The comparisons are inevitable. Matt Moore to David Price. Hard throwing left-handed pitchers who came up through the Rays' system. In fact, David Price debuted on September 14, 2008 and Matt Moore debuted on September 14, 2011. Both started one game in the regular season while making other appearances out of the bullpen. Both were called up and pitched in the middle of a playoff run, trusted by Joe Maddon. Both performed admirably.
Neither David Price or Matt Moore placed in Rookie of the Year voting in their subsequent seasons. In fact, the two had remarkably similar follow up seasons.
When James Shields was traded last December, he seemed to leave behind some big shoes to fill. Despite a freak injury, the Rays managed to replace his production partly with a breakout season from Alex Cobb. If Price is to be traded this offseason, who can or will replace his production in the rotation?
David Price has arguably been the ace of the Rays' staff since he broke out in 2010, his second full season as a starter. His ERA has fluctuated from year to year but his peripherals (as indicated by FIP) have been improving since his rookie season. Price has improved his FIP by continuing to improve in one critical area: limiting walks. Sure, his strikeouts were down but when looking at the FIP formula (FIP = ((13*HR)+(3*(BB+HBP))-(2*K))/IP + c), eliminating one walk is worth more than adding a strikeout.
The chart above illustrates David Price's progression as he traded in his strikeouts for fewer walks. It is interesting to note that Price gave up a career high 8.6 hits per 9 innings but did such a good time limiting walks that he ended up posting a career low WHIP. He posted the lowest walk rate and the best strikeout to walk ratio in the American League in 2013. Despite missing time with injury, Price still led the AL in complete games and threw 186.2 innings. The ability to limit walks helps Price pitch efficiently. He averaged 7 innings per start in 27 starts but went over 100 pitches only 14 times, a testament to his efficiency this season.
The first following chart shows David Price's FIP and ERA each season. The second shows the difference between ERA and FIP in blue (ERA-FIP) and hits per 9 innings in red. As expected, the difference between ERA and FIP varies with the rate at which batters put the ball into play effectively. On this particular graph, when the value is negative, Price has outperformed his FIP.
To further support the conclusion of the second chart above, the following chart compares the difference and hits directly with the R-squared posted.
All of this data on David Price is good, but what can it tell us about Matt Moore?
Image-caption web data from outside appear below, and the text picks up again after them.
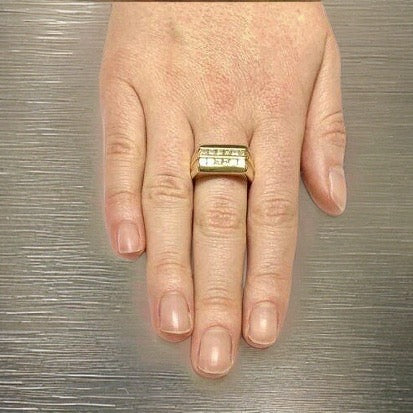 Diamond Ring 14k Gold 2 CTS Princess Cut Unisex Certified $4,200 606238 - Certified Fine Jewelry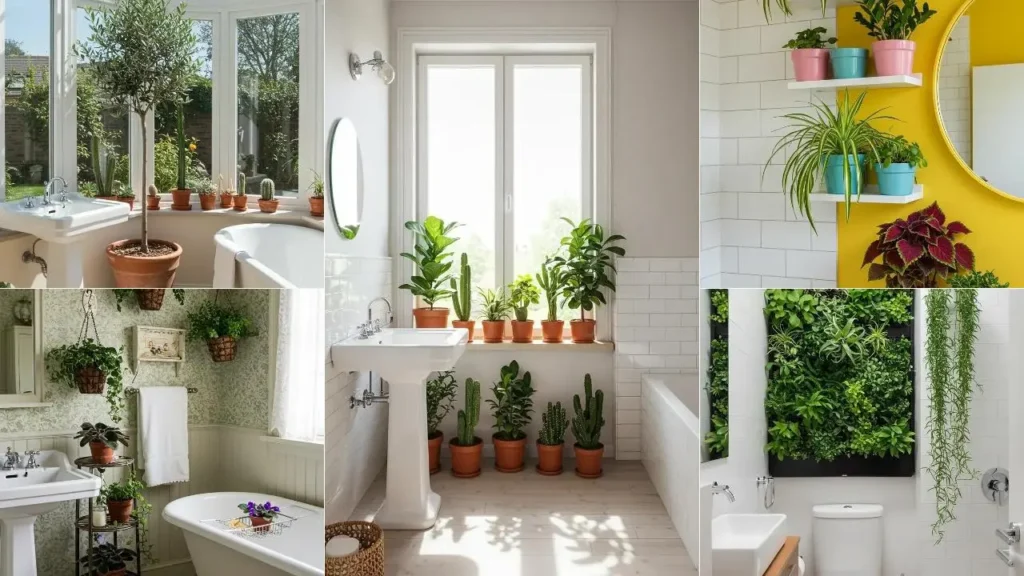 Diverse badkamers met weelderig groen: hangplanten, potplanten en een verticale tuin voor een jungle-sfeer.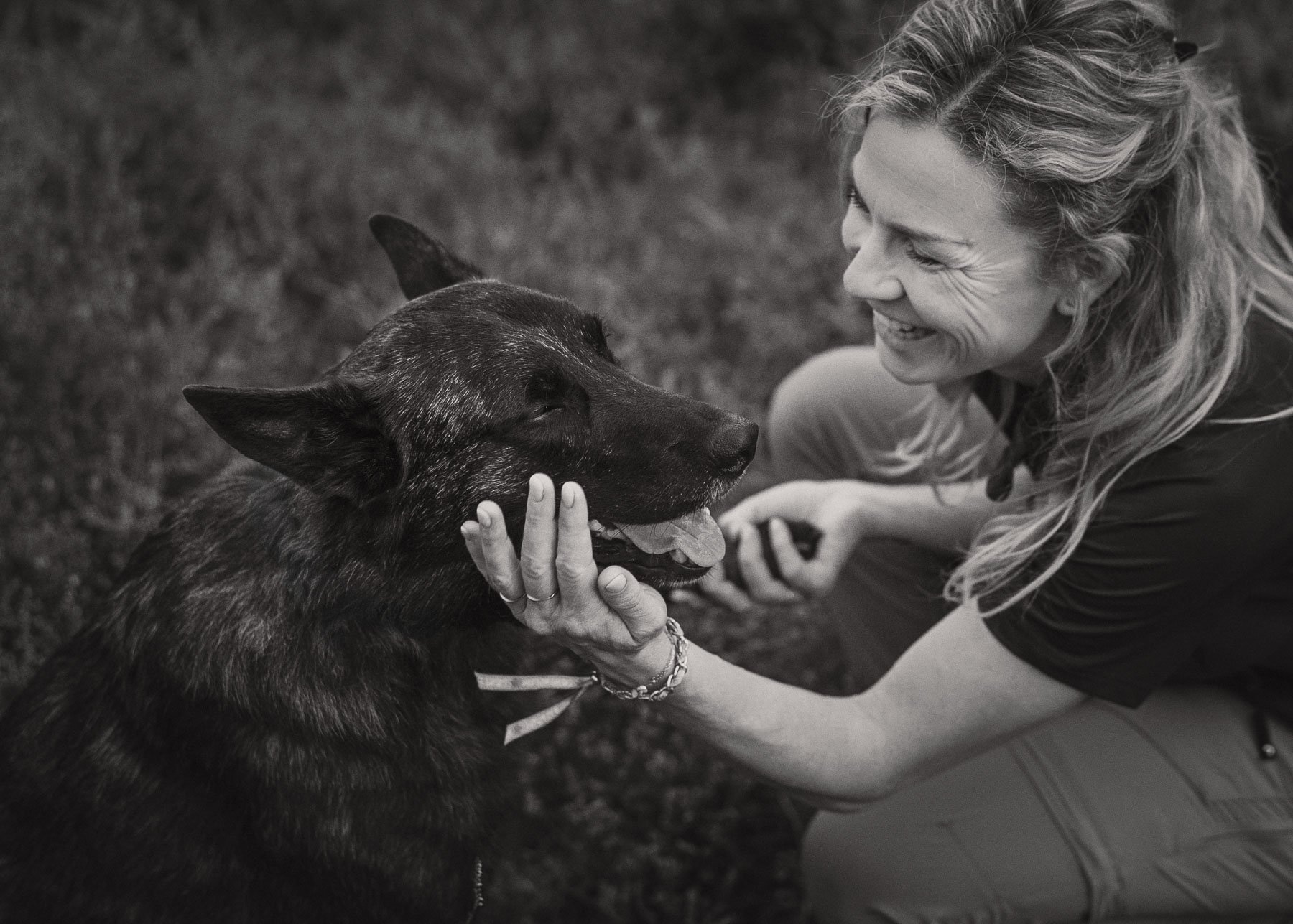 A trick by dog and owner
Matt Moore had a good season, albeit with some obvious issues. Like Price, Moore missed time with injury and made 27 starts. Unlike Price, Moore averaged less than 5.2 innings per start and threw over 100 pitches 19 times. In short, Moore was using more pitches to get fewer outs. This disparity came directly from Moore's command issues. Moore led the AL in wild pitches thrown with a whooping 17, ten more than knuckleball pitcher R.A. Dickey. Even more alarming was Moore's inability to keep the bases empty.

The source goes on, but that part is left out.